Our aging server stopped working last night at about 7pm. We couldn’t fix it remotely so we had to ask someone in the datacenter where the server lives to hard reboot the machine for us. Because of some sort of logistical issues (no one at the datacenter at that time), it took about 4 hours to get the machine rebooted. We don’t have any redundancy and so during that time we were just off the air.

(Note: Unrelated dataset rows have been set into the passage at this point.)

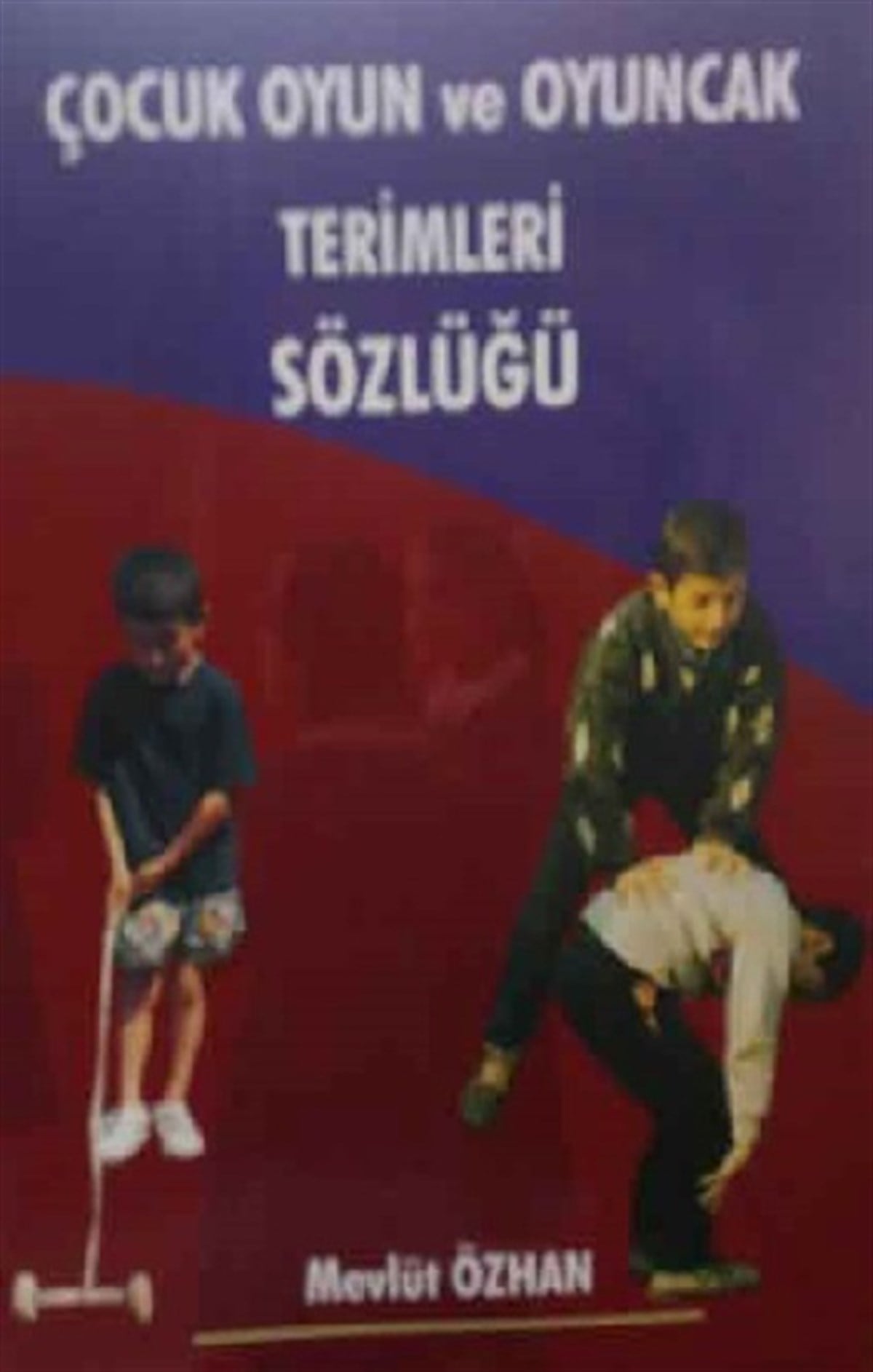 Çocuk Oyun ve Oyuncak Terimleri Sözlüğü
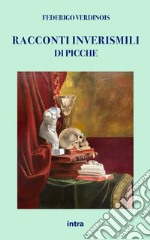 Racconti inverisimili di Picche libro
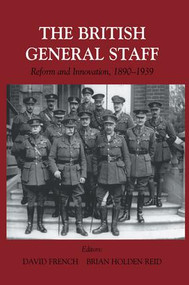British General Staff (Reform and Innovation) by David French, Brian Holden Reid, 9781138881969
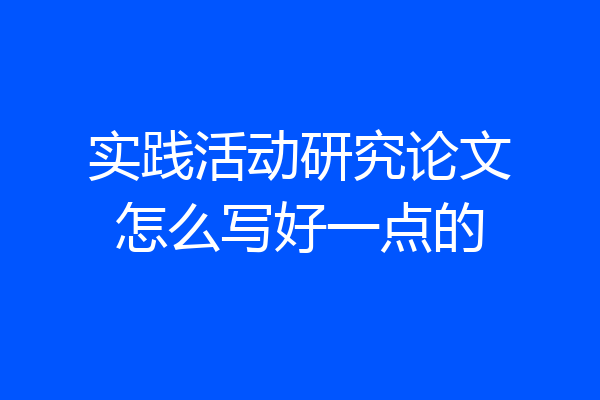 实践活动研究论文怎么写好一点的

Oddly, since the server has been rebooted the disks are acting differently (in a good way) and we I haven’t seen any of the “502 gateway timeout” errors that have been plaguing us for the last few weeks. We’ve been working on that (rather unsuccessfully so far), so it’s a little disappointing to see it magically fix itself. To investigate the 502s we gather a bunch of metrics use them to build neat graphs so that we can see what’s going on:

Green Felt DowntimeThis graph shows both the outage and today’s lack of “502 Gateway timeout” errors—the outage is the huge 4 hour gap between the 2 vertical dashed green lines and the red line shows the 502 errors. Notice today it’s nice and flat (ahhhhh), while yesterday there were a bunch of ugly spikes during peak hours (US/Pacific time).

New Server

On the plus side, we have obtained a fancy new server, it’s got roughly 6 times the number of processor cores (with each core being twice the speed), and more than 30 times the memory. We’re (slowly) getting it ready. The old server was built in such a way that it was hard to move the programs around and keep everything working. We’re taking the more modern approach with the new one, but it means a lot of thought and planning up front so that everything is smooth (and possibly redundant) in the future. Jim and I are both pretty busy with our day jobs right now, so all this is happening in our spare time.